§ Prompt
Reproduce, exactly and only, the lines of the data that follows from the one containing "Northfinder Tricou din" down to the one containing "Fire And Rayne: Saga of the Wolf Spirit", without pictures.

§ Data to use

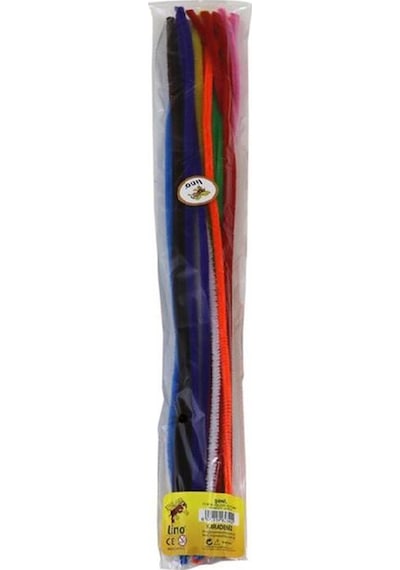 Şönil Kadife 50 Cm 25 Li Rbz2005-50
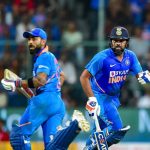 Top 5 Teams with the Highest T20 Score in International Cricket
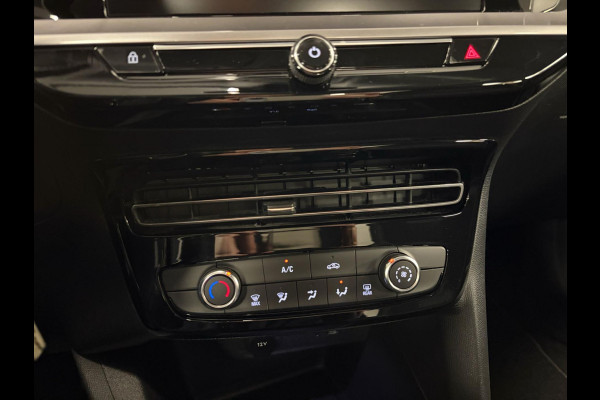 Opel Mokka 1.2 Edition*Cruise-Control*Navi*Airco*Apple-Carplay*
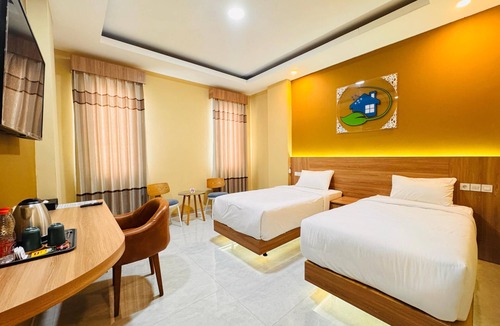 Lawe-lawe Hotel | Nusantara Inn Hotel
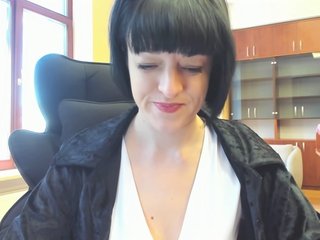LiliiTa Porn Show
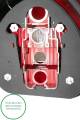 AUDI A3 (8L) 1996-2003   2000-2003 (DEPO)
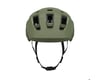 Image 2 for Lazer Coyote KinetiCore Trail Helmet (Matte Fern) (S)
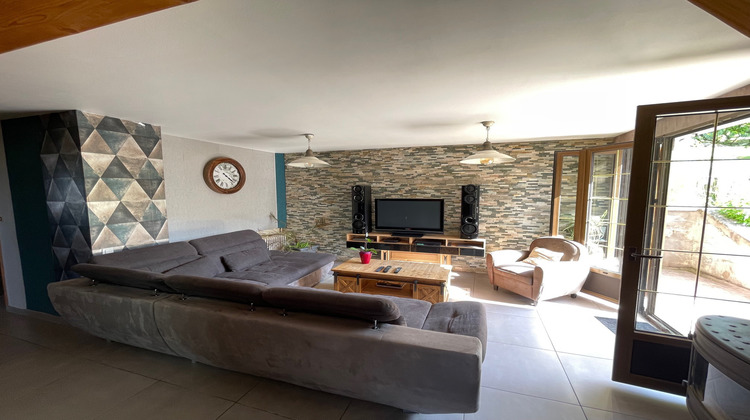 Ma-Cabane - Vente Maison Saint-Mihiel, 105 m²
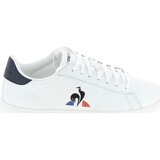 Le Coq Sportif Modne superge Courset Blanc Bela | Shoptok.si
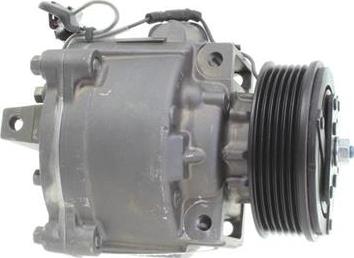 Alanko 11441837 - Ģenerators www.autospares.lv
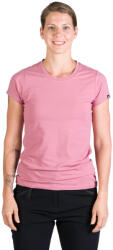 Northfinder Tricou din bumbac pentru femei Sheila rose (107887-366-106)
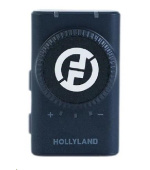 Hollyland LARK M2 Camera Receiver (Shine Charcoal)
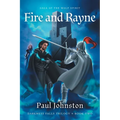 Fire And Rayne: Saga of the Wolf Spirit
---
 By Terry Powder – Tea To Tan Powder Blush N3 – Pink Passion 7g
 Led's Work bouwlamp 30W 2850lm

§ Written solution
 Northfinder Tricou din bumbac pentru femei Sheila rose (107887-366-106)
 Hollyland LARK M2 Camera Receiver (Shine Charcoal)
 Fire And Rayne: Saga of the Wolf Spirit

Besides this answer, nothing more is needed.